Musiq Soulchild At The Independent: Still Your B-U-D-D-Y

He came on stage twenty minutes late and twenty minutes into his set announced he would have to cut his show short to catch a plane to New York City. There were problems with the sound and with his ear monitors. He did a lot of talking and, on the hits, often just held the microphone towards the audience so they could do the work of actually singing the songs. There was a gamely performed but superfluous fifteen minute tribute to Rick James, Gerald Levert and James Brown - this from a man who in his first three albums could have filled up an entire performance with nothing but neo-soul classics. He danced some and shook hands, hugged and high fived as many of his ecstatic fans as he could reach from the stage, and he mugged for hundreds of digital cameras, cameraphones and camcorders. He did a medley of some of his hits, and full-on versions of a couple more. He actually included the biggest song from his underrated "Soul Star" album of a few years back, "Just for the Night," which he'd failed to do in his last local show at The Fillmore around the time of its release, and then led the audience in a singalong of the crazy creative title song.

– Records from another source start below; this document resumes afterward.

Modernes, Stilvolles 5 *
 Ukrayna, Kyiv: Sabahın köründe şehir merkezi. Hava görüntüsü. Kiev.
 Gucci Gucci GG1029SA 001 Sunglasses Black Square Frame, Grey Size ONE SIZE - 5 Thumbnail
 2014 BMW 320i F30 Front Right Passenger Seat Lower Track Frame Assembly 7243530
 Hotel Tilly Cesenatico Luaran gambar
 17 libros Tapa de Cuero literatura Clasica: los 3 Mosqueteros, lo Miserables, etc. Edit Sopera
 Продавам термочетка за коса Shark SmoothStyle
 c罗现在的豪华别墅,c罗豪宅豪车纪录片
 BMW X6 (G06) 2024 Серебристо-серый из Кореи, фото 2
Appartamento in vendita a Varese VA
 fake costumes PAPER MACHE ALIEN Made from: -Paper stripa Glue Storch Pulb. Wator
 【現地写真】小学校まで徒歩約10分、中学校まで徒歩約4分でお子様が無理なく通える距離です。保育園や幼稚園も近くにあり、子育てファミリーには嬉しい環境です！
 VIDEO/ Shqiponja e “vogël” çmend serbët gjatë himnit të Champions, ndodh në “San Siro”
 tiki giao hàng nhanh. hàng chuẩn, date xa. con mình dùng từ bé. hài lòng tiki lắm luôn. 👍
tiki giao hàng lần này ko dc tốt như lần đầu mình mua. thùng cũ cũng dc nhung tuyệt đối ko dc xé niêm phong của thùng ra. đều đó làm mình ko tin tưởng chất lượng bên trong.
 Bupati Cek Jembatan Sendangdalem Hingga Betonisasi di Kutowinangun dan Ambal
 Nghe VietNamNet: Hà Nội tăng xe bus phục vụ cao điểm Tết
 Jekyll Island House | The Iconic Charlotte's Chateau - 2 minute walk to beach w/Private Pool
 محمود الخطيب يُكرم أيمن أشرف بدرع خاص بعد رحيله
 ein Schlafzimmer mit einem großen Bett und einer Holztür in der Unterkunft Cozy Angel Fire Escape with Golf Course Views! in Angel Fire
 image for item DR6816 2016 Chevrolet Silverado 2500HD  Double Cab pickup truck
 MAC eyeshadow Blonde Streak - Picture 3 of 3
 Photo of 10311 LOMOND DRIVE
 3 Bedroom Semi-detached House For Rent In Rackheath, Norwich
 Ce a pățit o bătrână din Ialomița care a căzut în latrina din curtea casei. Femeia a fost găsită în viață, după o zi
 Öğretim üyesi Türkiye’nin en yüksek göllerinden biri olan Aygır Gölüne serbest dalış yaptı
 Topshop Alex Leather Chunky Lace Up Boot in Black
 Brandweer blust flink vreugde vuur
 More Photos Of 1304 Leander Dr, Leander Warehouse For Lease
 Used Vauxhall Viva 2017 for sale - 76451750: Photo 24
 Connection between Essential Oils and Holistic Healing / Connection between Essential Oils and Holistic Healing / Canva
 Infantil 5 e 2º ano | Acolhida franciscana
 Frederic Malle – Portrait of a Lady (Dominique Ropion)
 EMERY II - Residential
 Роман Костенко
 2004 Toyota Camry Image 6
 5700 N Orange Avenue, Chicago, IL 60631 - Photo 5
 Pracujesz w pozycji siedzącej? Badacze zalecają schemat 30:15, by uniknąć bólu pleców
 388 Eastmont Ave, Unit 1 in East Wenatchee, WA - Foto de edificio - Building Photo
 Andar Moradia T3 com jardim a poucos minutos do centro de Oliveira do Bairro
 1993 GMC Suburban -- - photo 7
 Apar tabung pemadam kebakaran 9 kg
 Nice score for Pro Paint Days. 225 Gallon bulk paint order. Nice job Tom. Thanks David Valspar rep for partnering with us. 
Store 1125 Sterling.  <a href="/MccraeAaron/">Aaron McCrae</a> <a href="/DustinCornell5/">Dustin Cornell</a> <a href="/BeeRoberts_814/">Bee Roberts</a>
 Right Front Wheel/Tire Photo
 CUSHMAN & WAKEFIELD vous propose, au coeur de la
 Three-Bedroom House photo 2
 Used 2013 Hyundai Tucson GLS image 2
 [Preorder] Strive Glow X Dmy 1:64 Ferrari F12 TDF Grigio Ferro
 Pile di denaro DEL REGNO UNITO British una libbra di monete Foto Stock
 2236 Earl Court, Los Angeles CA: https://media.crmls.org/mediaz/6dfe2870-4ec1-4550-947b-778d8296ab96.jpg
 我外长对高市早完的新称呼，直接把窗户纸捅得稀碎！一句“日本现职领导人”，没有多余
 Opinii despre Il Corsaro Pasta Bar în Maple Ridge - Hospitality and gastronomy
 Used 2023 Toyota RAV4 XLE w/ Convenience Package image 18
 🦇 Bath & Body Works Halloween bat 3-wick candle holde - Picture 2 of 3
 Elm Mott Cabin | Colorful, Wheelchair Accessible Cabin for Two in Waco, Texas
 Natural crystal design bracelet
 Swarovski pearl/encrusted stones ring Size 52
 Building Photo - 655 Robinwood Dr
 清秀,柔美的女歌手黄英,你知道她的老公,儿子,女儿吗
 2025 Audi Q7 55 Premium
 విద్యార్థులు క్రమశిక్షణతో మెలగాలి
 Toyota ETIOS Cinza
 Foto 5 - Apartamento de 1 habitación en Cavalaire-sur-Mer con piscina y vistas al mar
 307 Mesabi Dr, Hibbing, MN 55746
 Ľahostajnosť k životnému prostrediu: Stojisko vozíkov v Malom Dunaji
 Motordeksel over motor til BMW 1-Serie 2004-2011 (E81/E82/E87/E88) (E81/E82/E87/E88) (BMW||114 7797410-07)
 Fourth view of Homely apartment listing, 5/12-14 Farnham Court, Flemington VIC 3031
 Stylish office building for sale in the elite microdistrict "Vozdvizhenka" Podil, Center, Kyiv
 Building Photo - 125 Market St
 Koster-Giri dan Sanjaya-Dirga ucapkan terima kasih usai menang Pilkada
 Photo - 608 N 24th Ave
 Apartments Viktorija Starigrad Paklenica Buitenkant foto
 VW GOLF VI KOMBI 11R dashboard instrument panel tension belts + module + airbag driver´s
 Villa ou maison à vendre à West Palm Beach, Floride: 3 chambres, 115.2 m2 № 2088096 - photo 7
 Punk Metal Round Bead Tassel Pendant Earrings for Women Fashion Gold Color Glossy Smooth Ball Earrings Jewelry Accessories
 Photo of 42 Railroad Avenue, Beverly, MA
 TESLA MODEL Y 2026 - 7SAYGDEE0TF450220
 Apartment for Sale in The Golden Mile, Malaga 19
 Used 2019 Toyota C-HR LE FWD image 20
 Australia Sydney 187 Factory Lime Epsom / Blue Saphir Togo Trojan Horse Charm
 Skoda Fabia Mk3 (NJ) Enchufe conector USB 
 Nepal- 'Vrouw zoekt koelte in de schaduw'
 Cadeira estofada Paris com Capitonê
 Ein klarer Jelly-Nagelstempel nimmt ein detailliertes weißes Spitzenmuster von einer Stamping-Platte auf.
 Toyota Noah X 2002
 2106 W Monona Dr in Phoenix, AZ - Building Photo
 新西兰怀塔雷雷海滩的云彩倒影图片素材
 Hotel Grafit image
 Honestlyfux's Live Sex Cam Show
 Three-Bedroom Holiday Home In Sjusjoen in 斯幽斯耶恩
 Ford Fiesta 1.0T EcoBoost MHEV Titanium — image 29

It almost sounds like he was a disappointment. And yet...and yet...at times he sang like a reincarnated straight-up jazz singer, scatting and vocalesing his way through material that didn't realize it could be jazzified. His personality was winning and his showmanship superb. The term crowd-pleaser was invented for just such a performer as Musiq Soulchild. He teased the audience with promises of his current single, the summertime smash that is peaking in winter, the irresistible "Buddy," and even credited the inspiration for the song, the bass line from Taana Gardner's dancefloor giant, "Heartbeat."

It is in "Buddy" that the appeal of Musiq Soulchild has been distilled and finessed. He has always been our Buddy - the guy next door in love with the girl next door, hip, cool, but not too cool to be corny when it was called for, able to express the romantic dilemmas of that guy he portrays so well. Even when Musiq is trying to be a hard rock superstar (a hard on the ears metal show complete with audience dives at the Giftcenter one drizzly Valentines Day) or Vegas it up with the aforementioned tribute medley to fallen r&b stars, he remains knowable. Of course, the guy next door has rock star fantasies and, given the chance to live them out, he's gonna do it! Of course, despite the fact that he has written some of the most telling, candid, perceptive songs about modern romance of the past ten years, he doesn't want to be regarded as "soft." He's just like the guy next door, and underneath it all, still our Buddy.